Over the years “I’m just not meant to be friends with girls” was the closest thing I had to a mantra. I blamed this, what I thought to be my natural state of being, when female relationships went awry.

But holding the the Queen Bee responsible for all this seems kind of ridiculous at this point, since not forging close female bonds was convenient. It meant less heartbreak in the long run (one high school friendship that ended badly still haunts me to this day).

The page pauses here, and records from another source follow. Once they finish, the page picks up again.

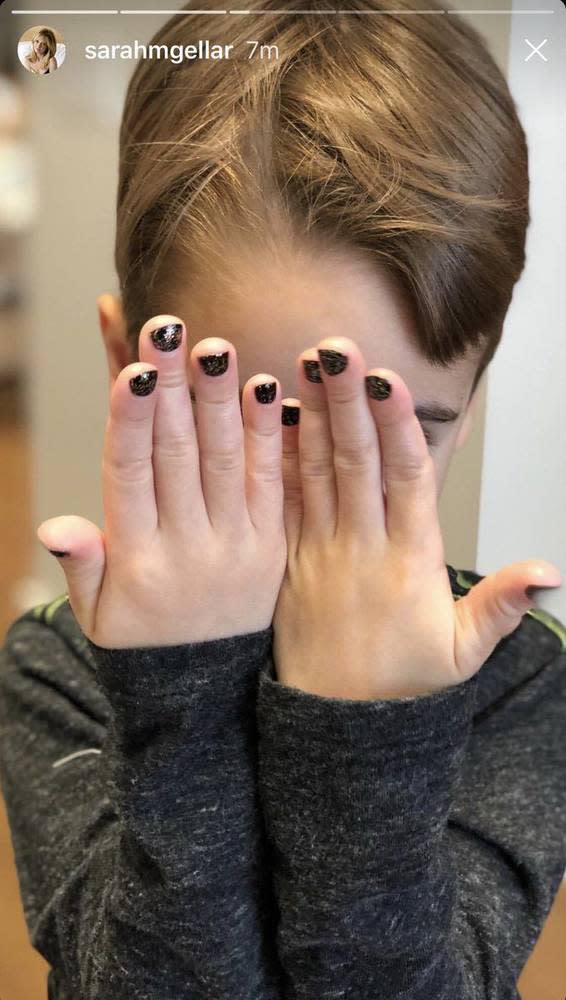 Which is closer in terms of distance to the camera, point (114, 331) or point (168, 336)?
point (168, 336)

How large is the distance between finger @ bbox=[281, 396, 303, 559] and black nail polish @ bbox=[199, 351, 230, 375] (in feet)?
0.16

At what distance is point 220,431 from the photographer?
32 cm

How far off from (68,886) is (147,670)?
0.49 ft

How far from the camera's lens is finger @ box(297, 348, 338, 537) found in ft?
1.06

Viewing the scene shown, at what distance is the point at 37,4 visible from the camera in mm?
352

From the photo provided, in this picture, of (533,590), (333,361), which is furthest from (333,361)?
(533,590)

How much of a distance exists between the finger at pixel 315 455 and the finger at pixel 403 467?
22 millimetres

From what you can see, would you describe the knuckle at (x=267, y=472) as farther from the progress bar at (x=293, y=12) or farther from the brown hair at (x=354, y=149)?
the progress bar at (x=293, y=12)

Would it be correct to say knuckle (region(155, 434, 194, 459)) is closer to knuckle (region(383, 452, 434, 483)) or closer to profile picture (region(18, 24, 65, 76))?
knuckle (region(383, 452, 434, 483))

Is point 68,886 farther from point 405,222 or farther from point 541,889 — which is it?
point 405,222

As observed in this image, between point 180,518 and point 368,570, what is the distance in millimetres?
80

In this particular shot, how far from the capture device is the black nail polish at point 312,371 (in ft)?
1.04

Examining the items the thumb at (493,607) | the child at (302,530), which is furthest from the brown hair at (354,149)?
the thumb at (493,607)

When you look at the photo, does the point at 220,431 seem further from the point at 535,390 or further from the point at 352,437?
the point at 535,390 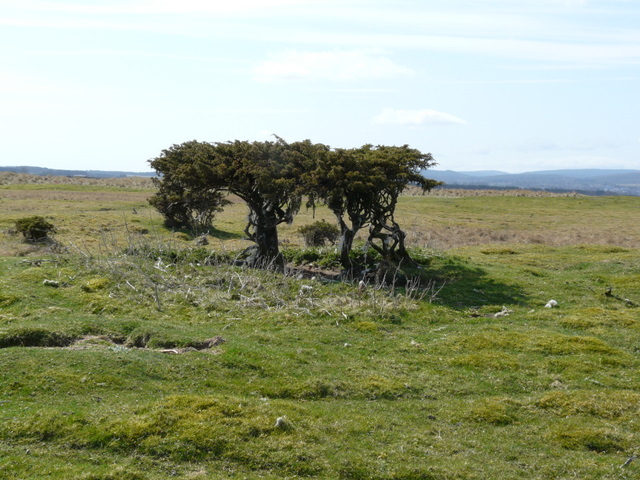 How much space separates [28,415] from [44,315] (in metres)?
8.79

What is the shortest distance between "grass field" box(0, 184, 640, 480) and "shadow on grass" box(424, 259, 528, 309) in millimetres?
168

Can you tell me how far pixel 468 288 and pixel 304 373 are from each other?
1407cm

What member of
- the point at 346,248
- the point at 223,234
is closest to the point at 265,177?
the point at 346,248

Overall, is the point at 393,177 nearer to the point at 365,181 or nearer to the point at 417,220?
the point at 365,181

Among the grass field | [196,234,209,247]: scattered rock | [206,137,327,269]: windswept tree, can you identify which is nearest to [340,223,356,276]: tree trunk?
[206,137,327,269]: windswept tree

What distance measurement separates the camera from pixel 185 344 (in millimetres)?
17203

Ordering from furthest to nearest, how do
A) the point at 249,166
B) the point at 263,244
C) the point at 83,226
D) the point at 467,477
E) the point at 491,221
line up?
the point at 491,221
the point at 83,226
the point at 263,244
the point at 249,166
the point at 467,477

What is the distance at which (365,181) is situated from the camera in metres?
27.6

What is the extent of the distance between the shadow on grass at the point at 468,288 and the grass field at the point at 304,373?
168mm

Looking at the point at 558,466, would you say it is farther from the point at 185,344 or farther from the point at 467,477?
the point at 185,344

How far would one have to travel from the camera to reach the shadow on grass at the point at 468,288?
997 inches

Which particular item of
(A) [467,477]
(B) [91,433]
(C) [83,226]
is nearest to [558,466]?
(A) [467,477]

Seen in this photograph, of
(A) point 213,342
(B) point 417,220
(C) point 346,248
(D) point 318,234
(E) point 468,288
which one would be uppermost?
(C) point 346,248

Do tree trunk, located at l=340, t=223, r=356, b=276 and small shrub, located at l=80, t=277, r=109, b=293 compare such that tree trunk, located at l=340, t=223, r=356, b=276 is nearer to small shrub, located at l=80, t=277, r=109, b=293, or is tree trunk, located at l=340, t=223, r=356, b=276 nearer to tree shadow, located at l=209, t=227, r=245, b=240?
small shrub, located at l=80, t=277, r=109, b=293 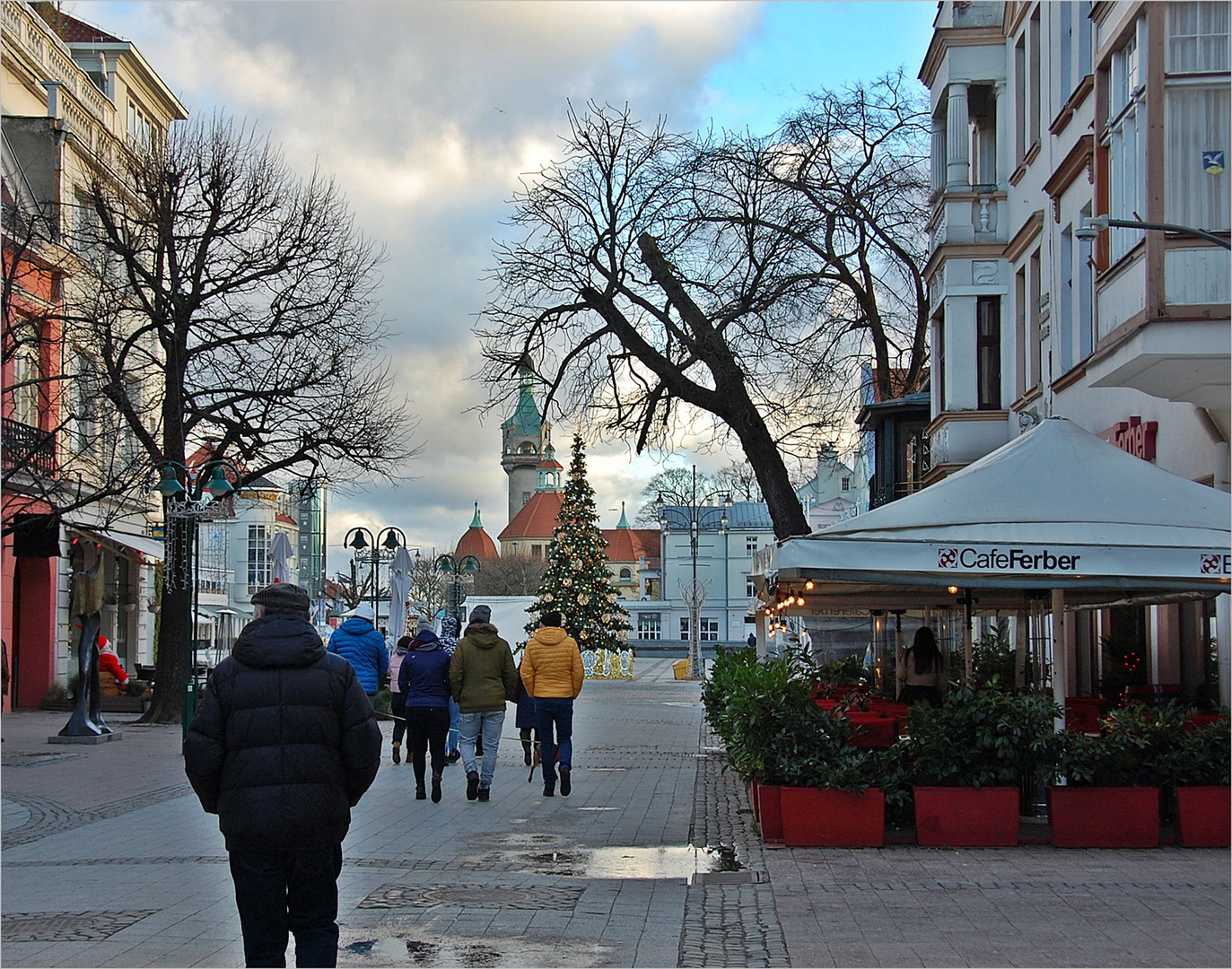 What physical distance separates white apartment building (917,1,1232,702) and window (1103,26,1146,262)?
31 millimetres

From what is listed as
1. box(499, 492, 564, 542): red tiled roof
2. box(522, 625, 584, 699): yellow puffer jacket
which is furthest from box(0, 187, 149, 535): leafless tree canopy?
box(499, 492, 564, 542): red tiled roof

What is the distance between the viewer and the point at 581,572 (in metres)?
57.8

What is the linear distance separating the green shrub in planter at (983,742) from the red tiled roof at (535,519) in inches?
6469

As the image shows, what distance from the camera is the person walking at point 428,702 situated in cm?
1421

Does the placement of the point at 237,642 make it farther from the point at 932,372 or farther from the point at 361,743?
the point at 932,372

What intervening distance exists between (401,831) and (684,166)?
1305cm

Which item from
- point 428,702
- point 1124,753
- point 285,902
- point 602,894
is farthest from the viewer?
point 428,702

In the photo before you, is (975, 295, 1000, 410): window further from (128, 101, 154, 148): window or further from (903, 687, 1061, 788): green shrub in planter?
(128, 101, 154, 148): window

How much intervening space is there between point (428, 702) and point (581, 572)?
43445mm

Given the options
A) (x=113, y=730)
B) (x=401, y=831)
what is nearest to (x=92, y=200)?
(x=113, y=730)

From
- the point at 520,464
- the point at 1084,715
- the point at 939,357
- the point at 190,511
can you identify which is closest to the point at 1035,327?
the point at 939,357

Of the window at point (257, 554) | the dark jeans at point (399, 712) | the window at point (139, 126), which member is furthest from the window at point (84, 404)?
the window at point (257, 554)

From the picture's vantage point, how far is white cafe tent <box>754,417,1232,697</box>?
1020 cm

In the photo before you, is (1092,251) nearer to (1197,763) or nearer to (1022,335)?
(1022,335)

And in some ways, I often get the sense that our culture doesn’t actually want me to befriend women. If anything, it wants me to scrutinize them. It wants me to compete with them. It wants me to get the leg up and step on them if it means I might come out ahead. It wants to create a climate in which we judge each other for being inauthentic feminists, or smile politely while secretly fighting for a piece of the pie—the pie we worry we’re being judged for ordering off the menu in the first place.

And I, for one, am getting too old for that shit since the truth is I’ve always gotten along with women. Always. And the qualities I often seek out in other people are the very ones the most influential women in my life possess. Intelligence (my aunt), strength (my sister), a contagious laugh (my maternal grandmother), warmth (my paternal grandmother), unwavering positivity (my mom), and a penchant for sex and fart jokes (my cousin) These are the things they’ve taught me to appreciate, helping me to ignore the distraction of competition, instead showing me how to navigate any and all non-linear conversations.